Acho importante ressaltar que o projeto de Garofalo é um modelo para o mundo que não pode cair no risco de virar um caso isolado, é preciso mostrá-lo como referência para outras iniciativas crescerem, gerando a escala – este, um dos maiores desafios da educação maker no mundo.
Nos EUA, a realidade do que é aplicado normalmente nas escolas não é tão diferente em termos de alcance, porém já existem iniciativas que colocam o maker na posição central da educação. Diversos grupos, como o do Lifelong Kindergarten, liderado pelo próprio Mitchel Resnick no MIT Media Lab, e Project Zero, da universidade de Harvard, também no estado de Massachusetts, estão buscando fundamentar as práticas maker e, ao mesmo tempo, tentando torná-las visíveis.
Em março deste ano, durante a oitava edição da Annual Conference on Maker Education, a FabLearn, em Nova York – em que estive presente e tivemos a oportunidade de compartilhar nossa experiência – pude ver diversos outros projetos maker sendo aplicados, ainda em pequenas escala, mas de maneira significativa, em instituições de ensino.
Um dos exemplos mais avançados que mais me chamou a atenção foi o da Acera School, situada em Boston.

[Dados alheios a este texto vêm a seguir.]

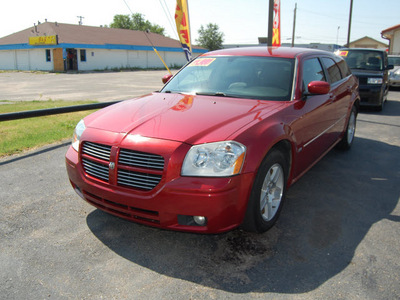 dodge magnum 2006 inferno red wagon sxt gasoline 6 cylinders automatic 67210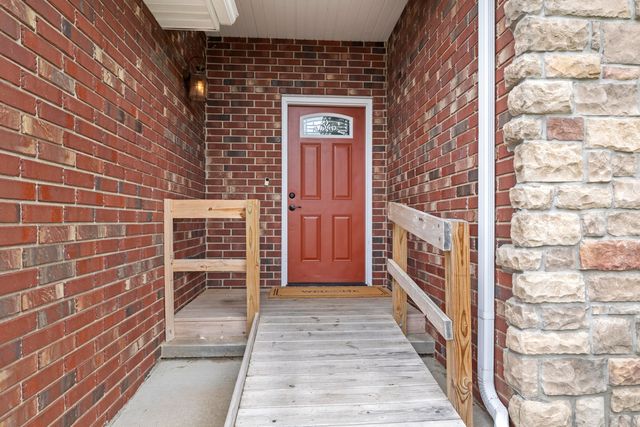 1515 S Natchez Road, Republic, MO 65738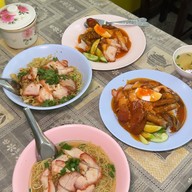 อาคมบะหมี่เกี๊ยวปู (ไม่มีสาขา)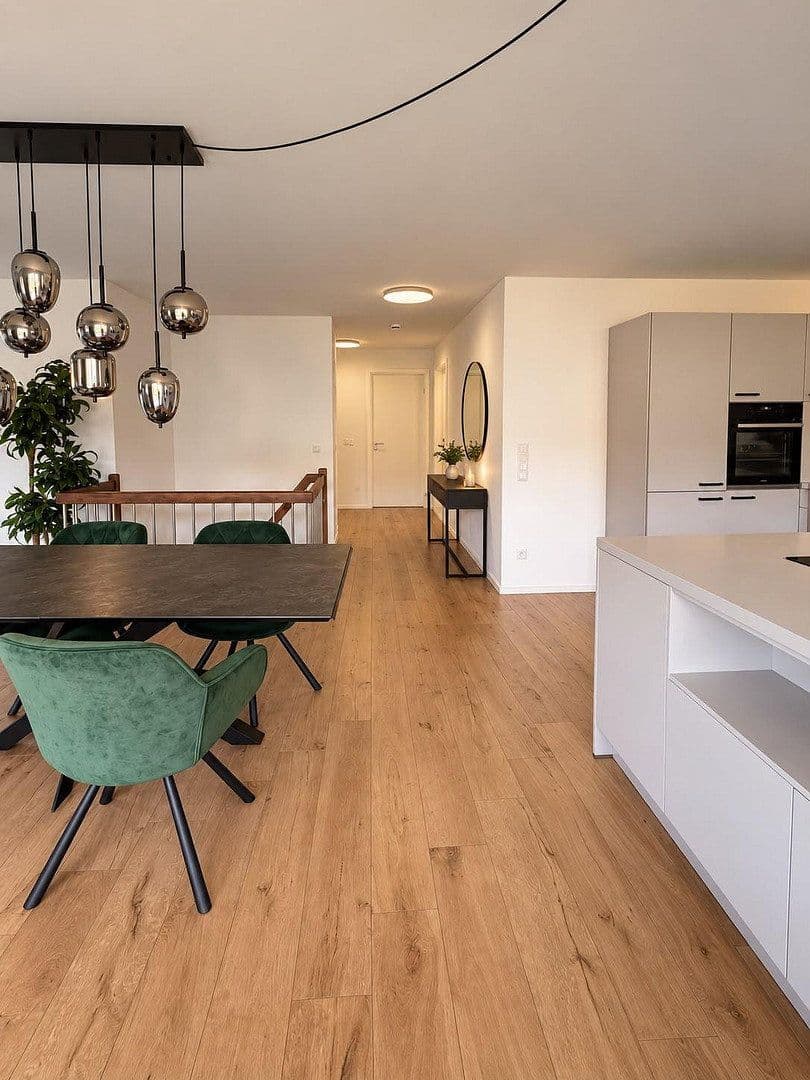Pronájem bytu 5+1 130 m², Feldkirchen-Westerham(Vagen), Bavorsko Pronájem bytu 5+1 130 m², Feldkirchen-Westerham(Vagen), Bavorsko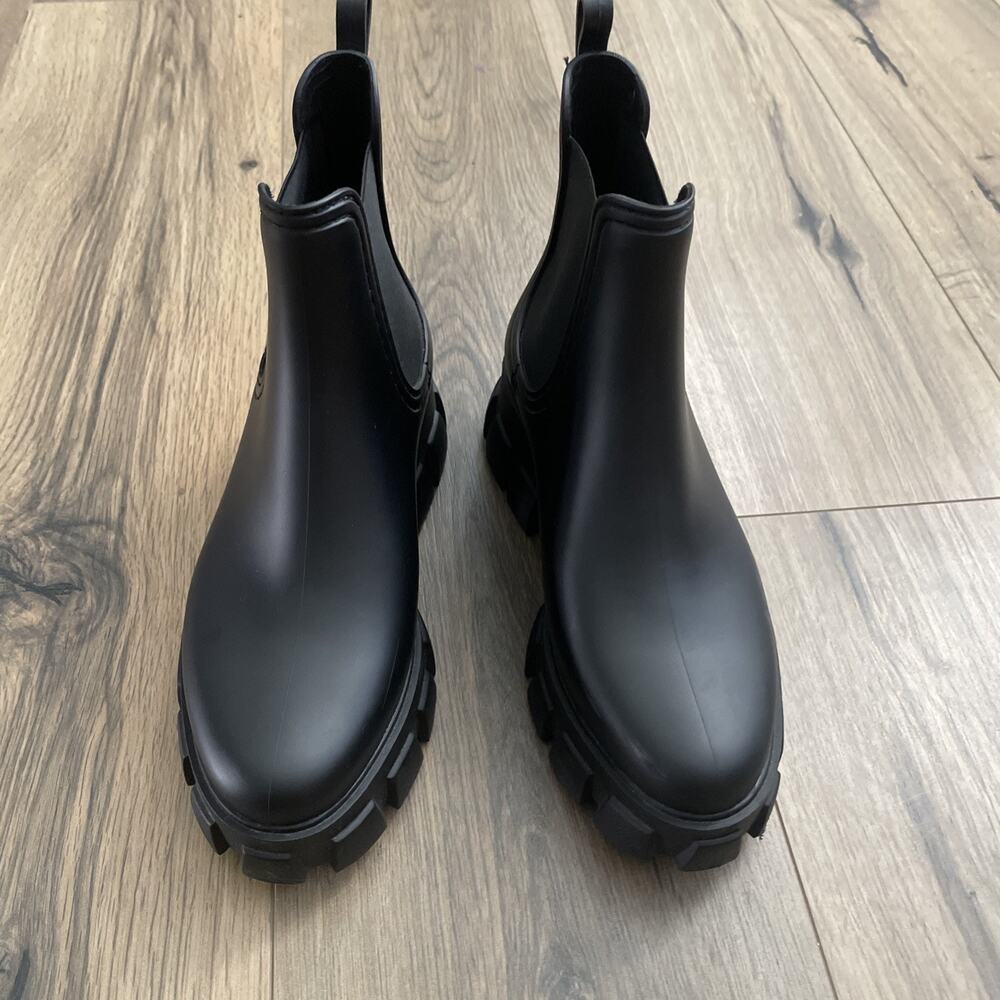 Jeffrey Campbell Matte Black Pleu Lug Sole Boots Size 7 Platform Chelsea Boot - Picture 2 of 9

Depois de conhecer todas as instalações do colégio acompanhado pela diretora, eu admiti a ela o quanto estava impressionado com as dimensões do espaço maker que eles tinham montado – principalmente um grande galpão repleto de ferramentas espalhadas por locais temáticos, marcenaria, moda, materiais orgânicos e biológicos, entre outras. Foi quando ela me corrigiu dizendo: “Não existem um espaço maker aqui. A escola inteira é maker, mesmo as salas de aula são vistos como espaços maker”. Que inspiração para as nossas escolas, não?!
O Maker e os desafios contemporâneos da educação
Há um grande consenso de que o ensino maker tem seu grande valor em focar nas atitudes e nos princípios que devem nortear a vida no século 21. Ele tem capacidade de ser o agente integrador entre conhecimento, valores, habilidades e competências. O desafio está em mostrá-lo como meio e não fim ao processo de aprendizagem, além de gerar escala, deixando de concentrar poucas e boas idéias dispersas em algumas escolas. Esse é o meu e o nosso desafio por agora: trazer processos e ferramentas para apoiar estas conexões significativas e de forma visível para todos, construindo confiança na escola e promovendo a transformação para que, em breve, grande parte das crianças e dos adolescentes brasileiros aprendam com a mão na massa e, mais do que isso, que elas se tornem agentes da mudança no futuro.
É o que quero também para a minha inspiração para tudo isso: a Luísa, hoje com 11 anos, que já tem a postura maker enraizada – recentemente, ela ajudou os moradores do bairro a cuidar de uma praça pública vizinha –, agora ao lado do irmão, Henrique, de 7 anos, outro apaixonado por colocar a mão na massa.
Diego Thuler
Formado em engenharia elétrica pela Unicamp no Brasil e pela Ecole Nationale Supérieure d’Arts et Métiers ENSAM), na França, com especialização em sistemas embarcados (são os produtos eletrônicos computacionais). Pós-graduado em Engenharia Biomédica, também pela Unicamp. Em 2015, fundou a Little Maker, que leva o DNA do engenheiro engenhoso.